St. Jerome once said, grieve over your sin, and then joy over your grief. What Jerome meant is similar to what Paul said in 2 Corinthians about how the Corinthians had truly mourned over their sin. Paul said he was glad. He had mourned over their sin, and rebuke them, and they in turn had been given a godly sorrow that lead to real repentance, and therefore it was time to rejoice.
Just as we begin every worship service with confession of sin and assurance of forgiveness, we conclude every worship service with this table of joy. But do not misunderstand. We are not ceremonialists – we are not saying that you must save up all your sins throughout the week for the confession, and therefore you must wait until this point to be assured that God has accepted you. No, these parts of our service are more like confessions of faith, reminders of what is true all the time. We proclaim the truths of forgiveness and joyful fellowship here because they are available to you all week long.

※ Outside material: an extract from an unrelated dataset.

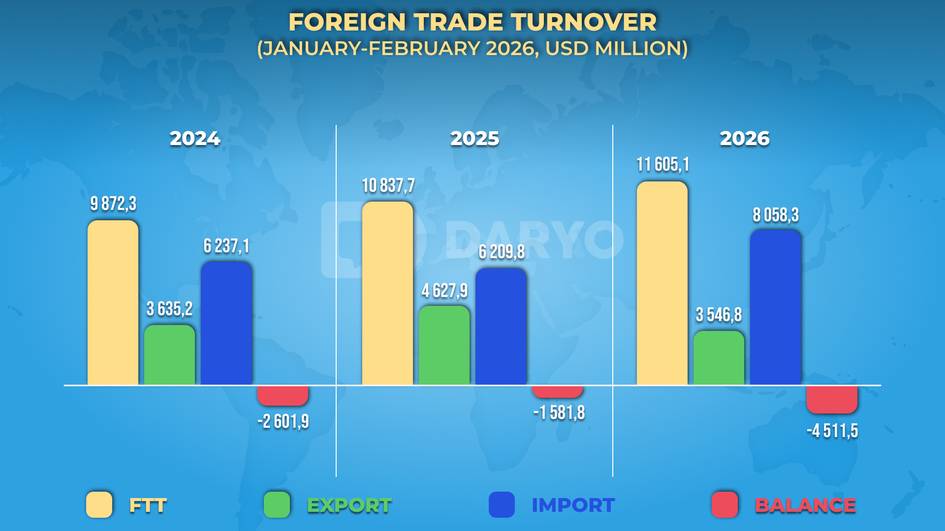 Uzbekistan’s foreign trade turnover hits $11.6bn in 2M26, up 7.1% y/y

Do not save up your sins: confess them right away, forgive one another right away, keep short accounts. And as you do that, every time you are forgiven, there should be a mini-feast of joy laid for you and for the people around you. What is your forgiveness? It is the body and blood of the Lord shed for your sins. What is your joy? It is the body and blood of the Lord shed for your sins.
Then you might wonder: why bother with church every Sunday? Well, for starters, Jesus told us to gather together and keep this meal whenever we gather. But Jesus also promised to be uniquely present when we gather together, to be in our midst. But think about it: we all sin throughout the week, and we confess our sins, and we receive forgiveness, all week long. And then we come here, all together, to celebrate that. It’s not that we’ve been saving up our sins to be forgiven, or in some weird way, pretending we don’t know if we’re forgiven or not.
Rather, if we’ve been confessing our sins and forgiving one another all week long, we’ve actually been saving up our joy. If we’re doing it right, there’s a sense in which we should be welling up as the week goes on, considering how gracious and kind and merciful God is being to each of us, and then considering how God is being so gracious and kind and merciful to our whole church. So we’re welling up with joy throughout the week, and then we come here to rejoice. We come here to lift our praises. We come here to feast together with our King. God is good.
So come and welcome to Jesus Christ.